/tf_pb_without_tf

Generate tensorflow (and tf serving) protobuf interface without tensorflow dependency

Primary LanguageShellMIT LicenseMIT

Generate python interfaces for the protobufs used by Tensorflow and TF Serving, for a client which does not use TF

Why? Well, say you're writing a client that connects to a Tensorflow model server and asks it to classify an image or whatever. The client will need to send over the image using the protobuf format that the server expects, but there's no reason for the client to have to have all of tensorflow installed. Just the protobuf interface. After all tensorflow is a big package and takes up a lot of disk space and memory and so forth.

So...? You see, Tensorflow's official client implementations depend on the tensorflow package as of this writing. For instance, if you want to run their example MNIST client, you'd need to have tensorflow installed even just to construct the prediction request predict_pb2.PredictRequest, and to call their tf.contrib.util.make_tensor_proto function. So you can't easily use their work to make a client API that is totally free of tensorflow.
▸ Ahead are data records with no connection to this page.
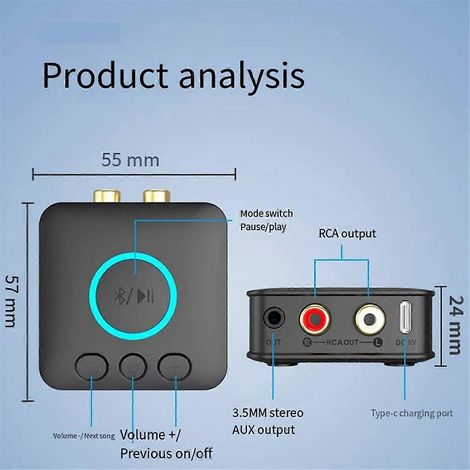 Qualcomm Bluetooth 5.1 Empfänger zu Aux/RCA für ältere Audioverstärker und Audioplayer (1/5)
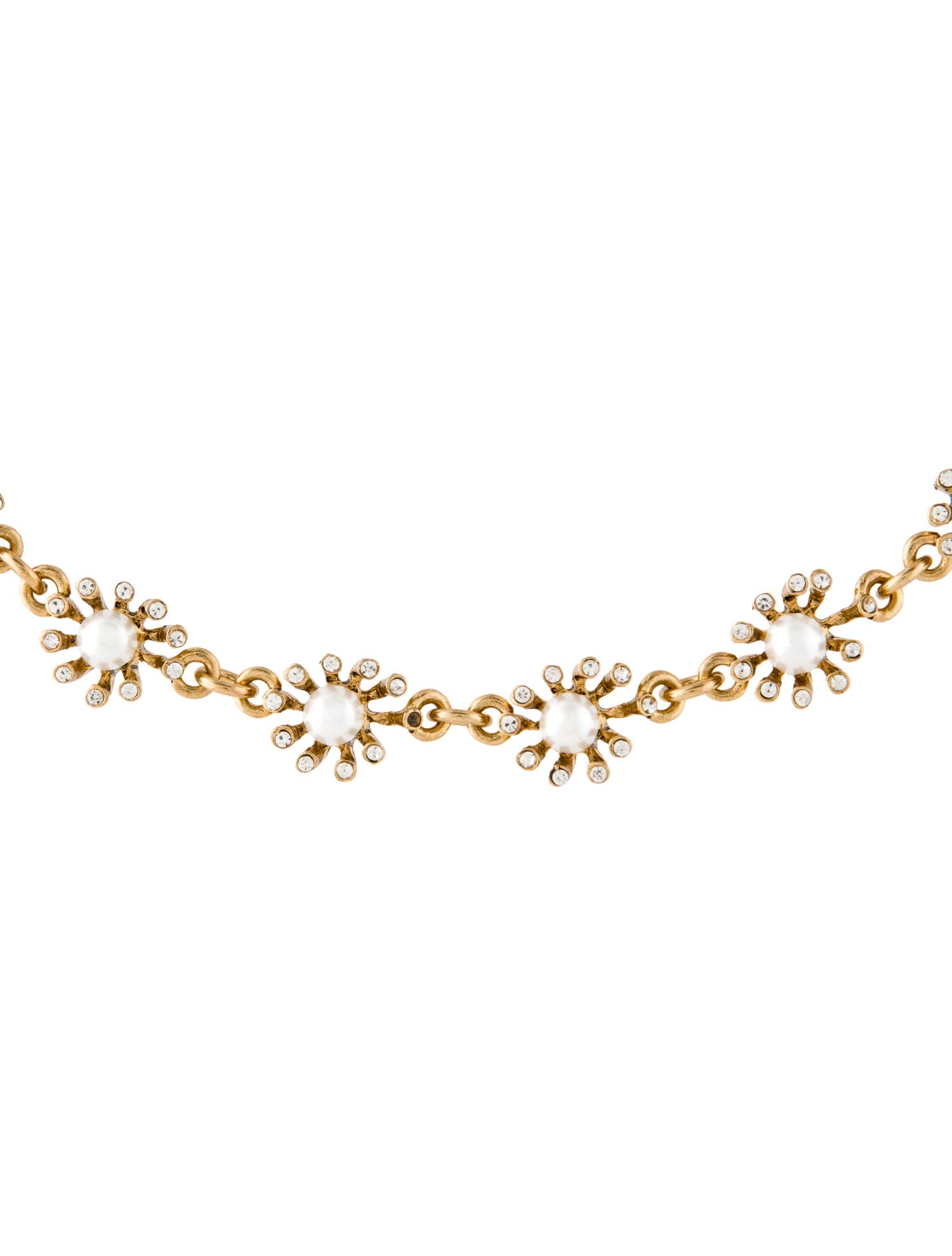 Oscar de la Renta Faux Pearl & Crystal Collar Necklace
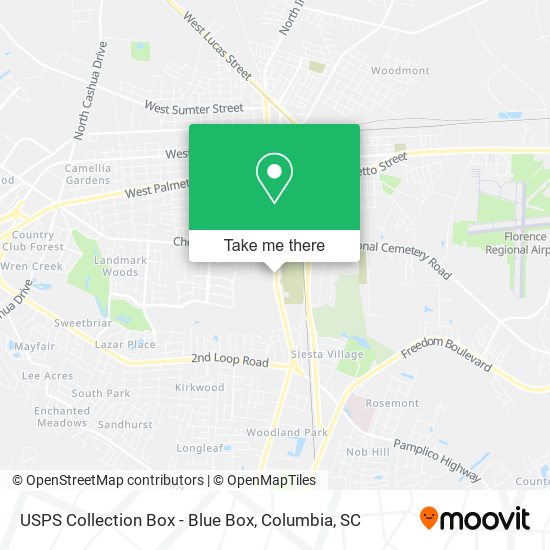 USPS Collection Box - Blue Box map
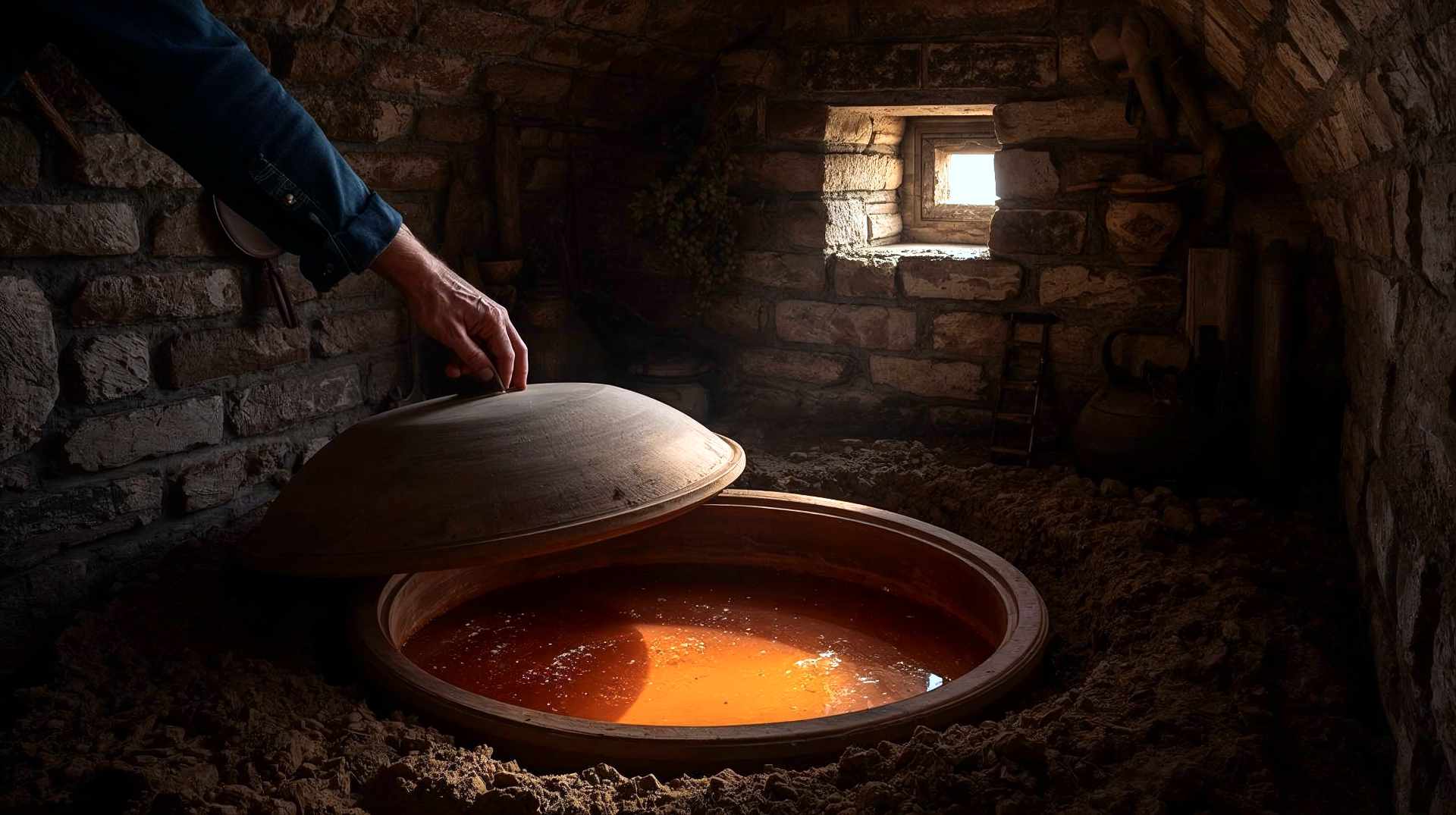 A hyper-realistic, professional photograph of a traditional Georgian wine cellar (Marani). In the foreground, a weathered winemaker's hand is lifting the heavy wooden lid off a clay Qvevri buried in the earth floor. Inside the rim of the vessel, the rich, amber-colored liquid catches a beam of warm, natural sunlight filtering through a stone window. In the background, antique tools and dried vines hang on textured brick walls. The lighting should be moody and atmospheric, emphasizing the texture of the clay, the soil, and the golden hue of the wine, evoking a sense of ancient history and craftsmanship. Cinematic lighting, high resolution, 8k.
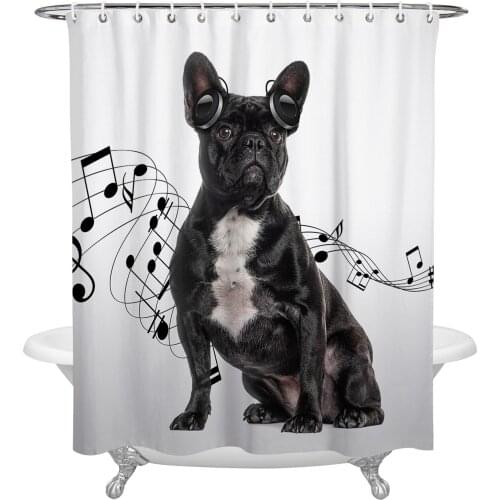 Animal Dog Headphone Music Funny Shower Curtains Bathroom Curtain Waterproof Polyester Frabic Bathroom Curtain with Hooks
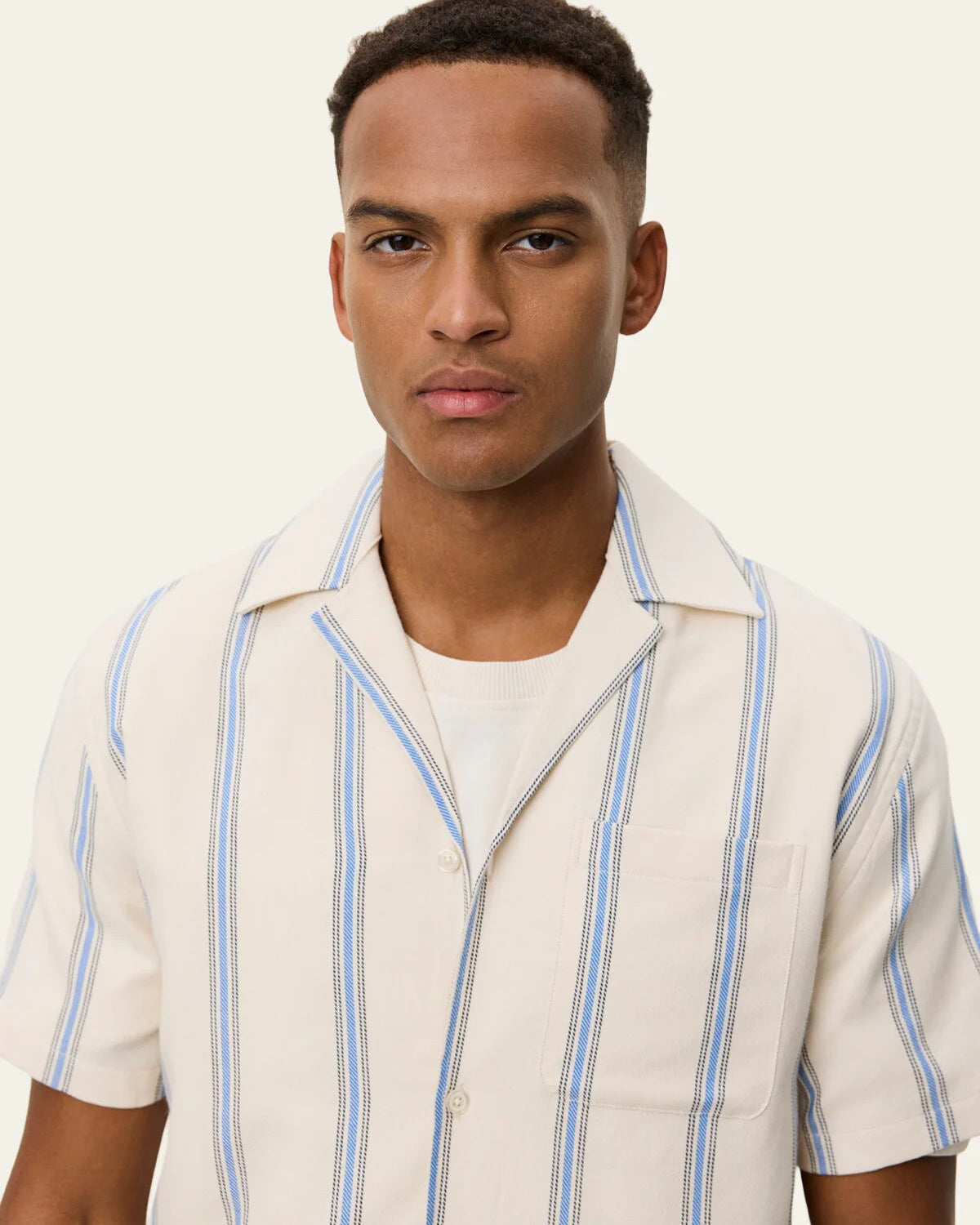 Lawson Stripe Short-sleeve Shirt - Eggnog White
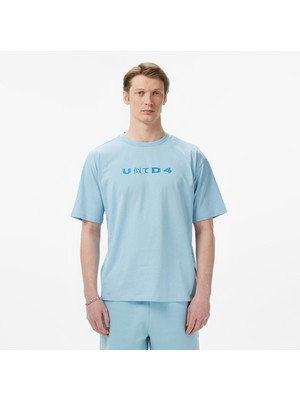 United4 Unıted4 Regular Fit Erkek Mavi T-Shirt.turkuaz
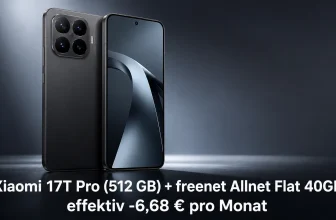 Ein schwarzes Xiaomi 17T Pro mit aktivem Display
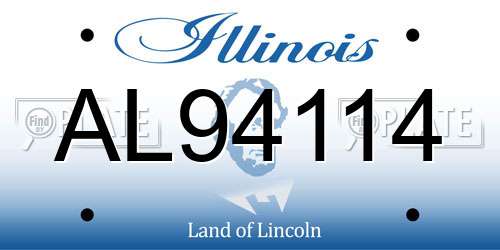 AL94114 Illinois License Plate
Then... Yup. You just execute ./generate_pbs.sh. The script has to download the TF and TF Serving repositories, but it produces a python package that you can then use without having to have TF installed. Execute it from this directory, and make sure that the sample__init__.py and setup.py files are there.

And then I just... You just from tf_pb import TensorProto, yes.

Is there anything to customize? Maybe a little bit. I wrote it for use in a client which will make a prediction request using the default signature. So in sample__init__.py, it imports things like TensorProto and PredictRequest so that they'll be at the package's top level. If you need different defaults, you might want to import them at the top level there too. Just follow the examples I've laid out. If you're not sure where exactly they are, you can always dig around in the TF or TF Serving repositories' source code. Things like ClassifyRequest probably won't be too far from PredictRequest, etc.